Wednesday, 27 July 2022

Identifying Syntex use cases - how the SharePoint Syntex assessment tool can help

If you're a regular reader of this blog, you'll know I'm a big advocate of what Microsoft are doing with SharePoint Syntex. In short, Syntex brings intelligent automation to every organisation for processes which involve documents - and in most businesses today, that's a substantial proportion of processes. We're in the middle of big shift in technology where cloud power is commoditising advanced AI and automation capabilities so that they are no longer restricted to expensive, specialist, and often industry-specific tools. Examples of this include the legal and engineering sectors, in which it has been common to invest in specialist proposal generation and contract automation software, but usually at significant cost. Instead, these AI and automation tools are now baked into core platforms such as Microsoft 365 and democratised so that 'ordinary' employees can tap into them - add-on licensing might be required, but these tools have never so widely available. 

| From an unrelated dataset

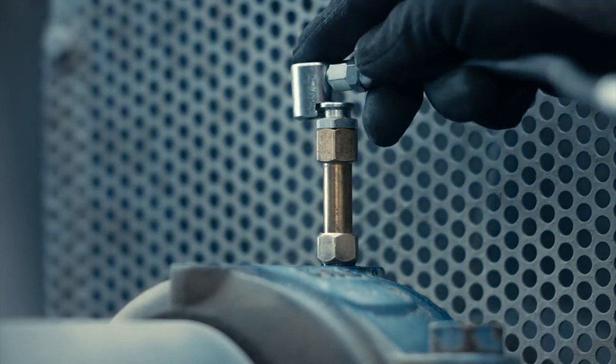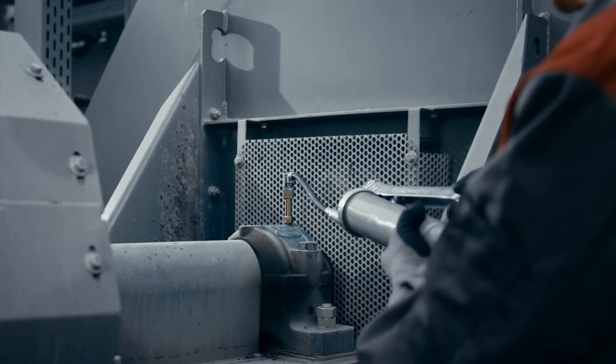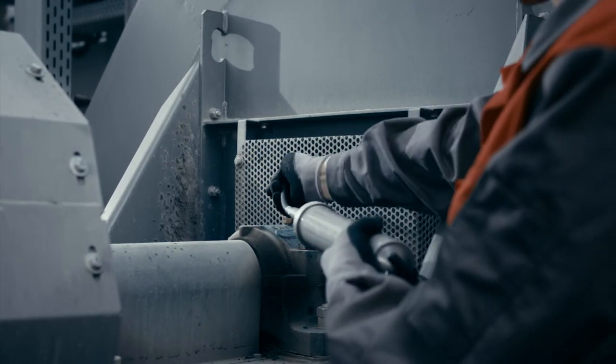Pre-fill the lubrication point and all accessory parts with lubricant. Be sure to use the same lubricant that is filled into your lubrication system. Always follow the manufacturer lubrication instructions.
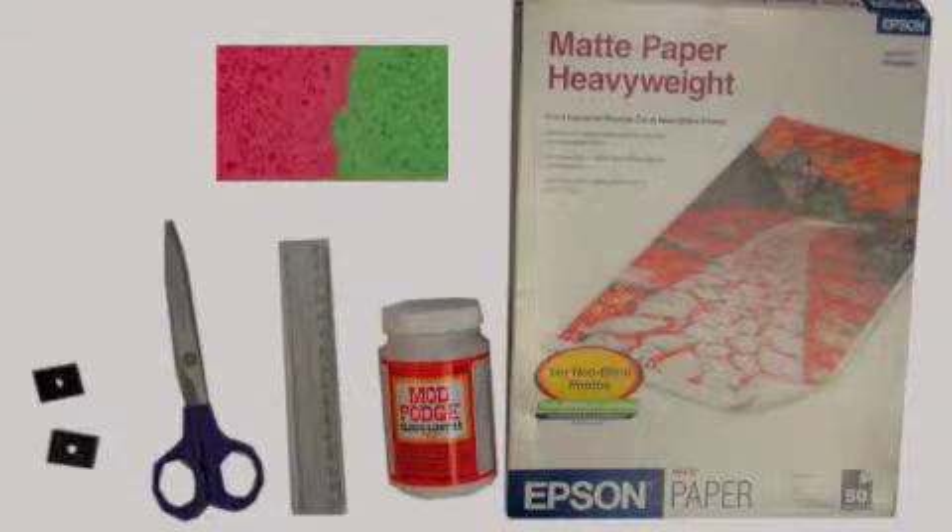If you decide to print the magnet images yourself, you'll need photo paper. I like to use non-glossy photo paper like Epson's eight and a half by eleven matte heavyweight paper. It costs around twenty dollars at Staples for a pack of fifty, but you can use any other photo paper as long as it's not too glossy.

As market awareness grows, Syntex is forming quite a few of my client conversations at the moment. Organisations are considering how this new tool could help them, and in common with other innovative technologies one of the challenges is identifying use cases within the business where Syntex could have a big impact. I have a lot of thoughts on this in general, but one thing Microsoft have done to help is release the Microsoft 365 Assessment Tool (gradually replacing what was the PnP Modernization Scanner) which now has a 'Syntex mode' specifically - this can be used to assess your tenant and usage for Syntex automation opportunities. The idea is that by scanning your SharePoint landscape and IA for certain characteristics, this could uncover areas of the business using SharePoint in certain ways where Syntex could help. In reality, Syntex really shines where documents are part of a complex or time-consuming process - and a tool can only go so far in identifying that. But the idea has merit, so let's explore what the tool provides and how it's used.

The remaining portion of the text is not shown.